How does OpenTelemetry .NET trap all the events?
There’s really no one answer. SqlClient uses an EventSource to log events, the instrumentation plugs into that. HttpClient uses a DiagnosticSource. StackExchange.Redis has its own custom thing. Each thing you want to instrument has to be analyzed and solved. But the friendly OpenTelemetry .NET contributors are taking care of all this for you. The most difficult area has actually been the .NET Framework, because in some cases it wasn’t written to be observable. The outgoing HttpWebRequest instrumentation I worked on and it was one of the most difficult things I’ve ever done. Hours reading the reference source figuring out where to monkey patch hooks into the code. Here’s the file if you want to see how it’s done.

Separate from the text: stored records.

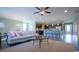 Comfortable living room featuring stylish furniture, ceiling fan, and an open layout with the kitchen at 539 Slaty Dr., Myrtle Beach, SC 29588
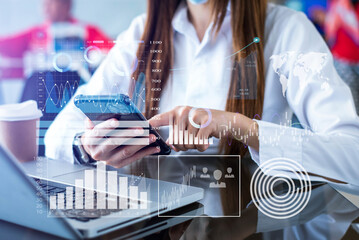 Team colleagues wear formal attire to work together to optimize business processes by using new technologies. high tech hologram in office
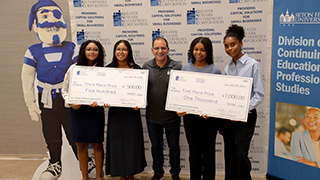 continuing-education with a check continuing-education participants holding a big check
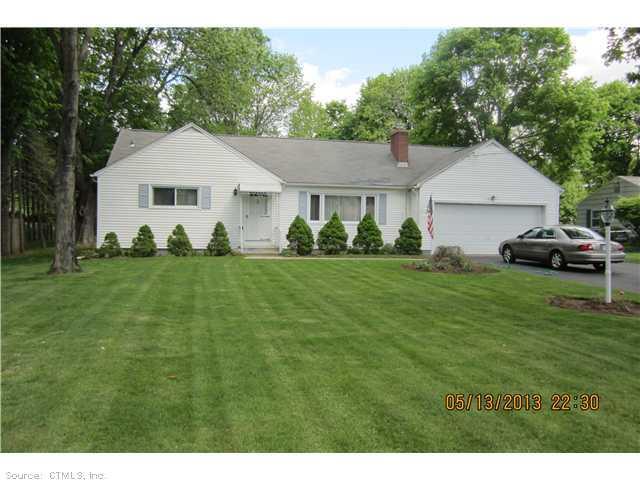 425 River Road Hamden, CT 06518 - Photo 1 of 1 a front view of a house with a garden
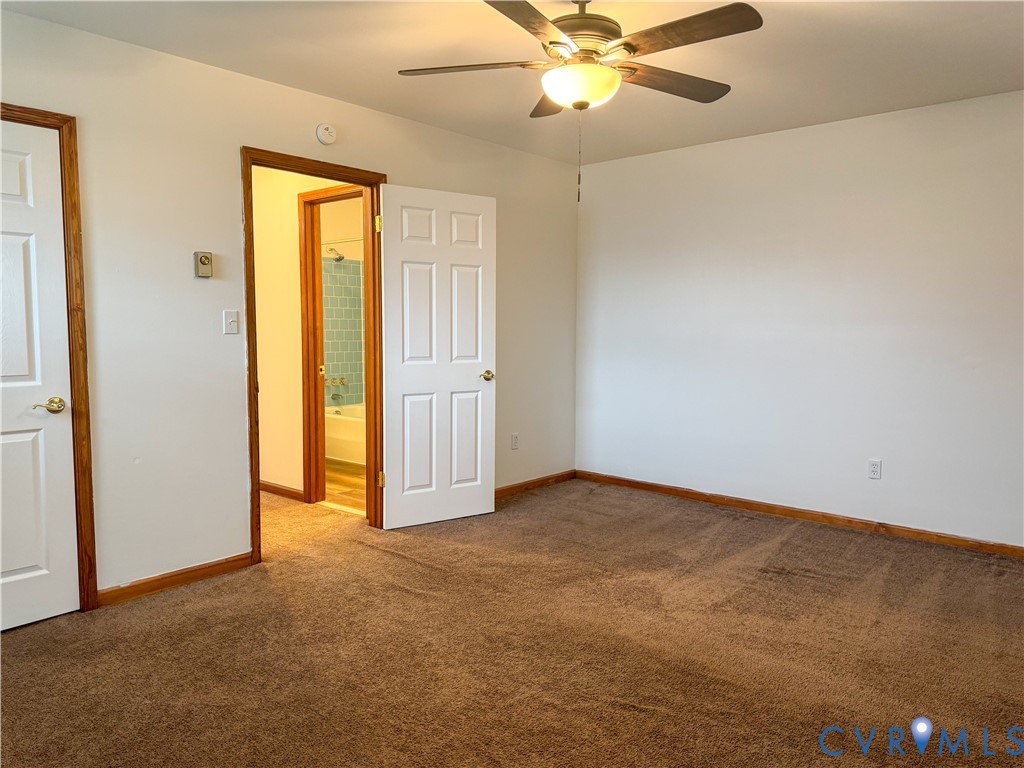 101 Lyons Avenue Colonial Heights, VA 23834 - Photo 10 of 10 an empty room with a ceiling fan and a window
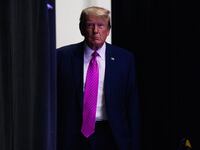 Former President Donald Trump makes his way onto the stage during the Oakland County GOP Lincoln Day Dinner at the Suburban Collection Showplace in Novi, Michigan, on June 25, 2023.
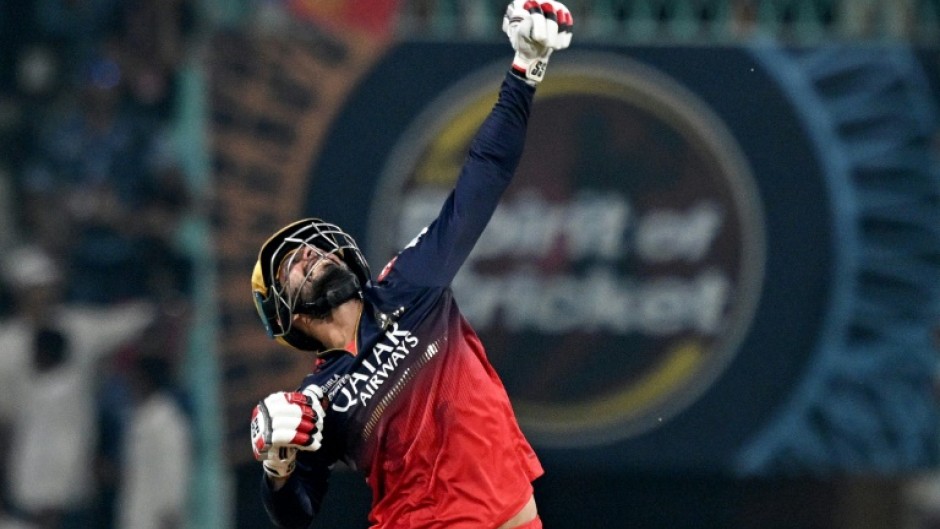 Royal Challengers Bengaluru's Jitesh Sharma celebrates his team's win against Lucknow Super Giants in the Indian Premier League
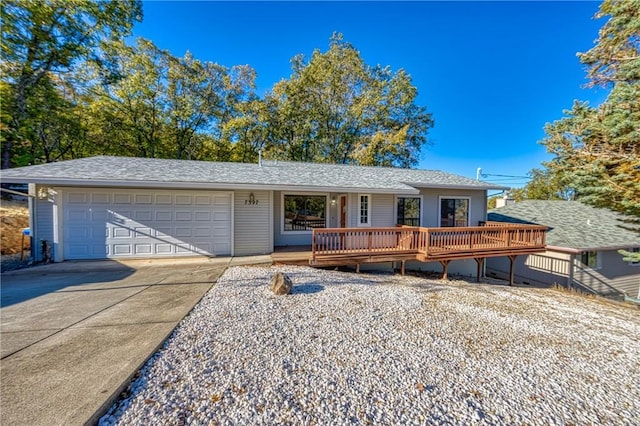 single story home with a deck and a garage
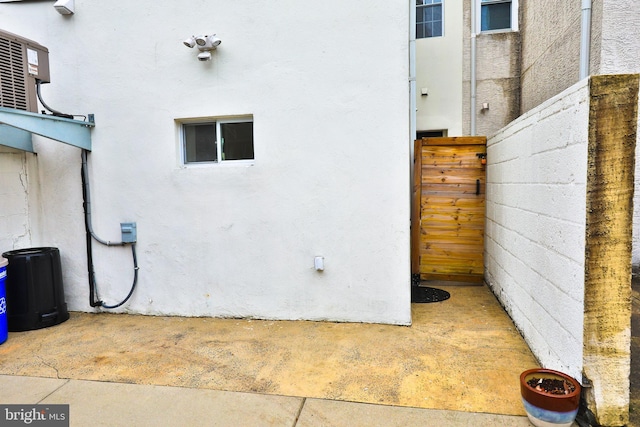 view of side of home with central air condition unit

I started with the official one, but it had some issues which required some significant modifications.
All the time spent building instrumentation is why the .NET 5 ActivitySource is important! If we can get library authors to instrument their code using that API, no extra work is needed to capture it into our traces.
Wrap Up
So should you log or use Open Telemetry? Both. Your logs are invaluable. When you need to understand what went wrong, the logs have the detail. But OpenTelemetry is also a great tool to understand what your application is doing and to quickly find bottlenecks in your processes. OpenTelemetry has a lot of features I skipped over. You can turn on a sampler and just take 5% of your data, or whatever number you feel is good for establishing trends.
I’ll leave you with one tip: Be sure to use your TraceId (System.Diagnostics.Activity.Current.TraceId) as your CorrelationId in your logs so you can move between ELK (or whatever tooling you choose) and your traces (Jaeger, Zipkin, etc.) seamlessly. Some products, like Application Insights, do that for you in a single UI.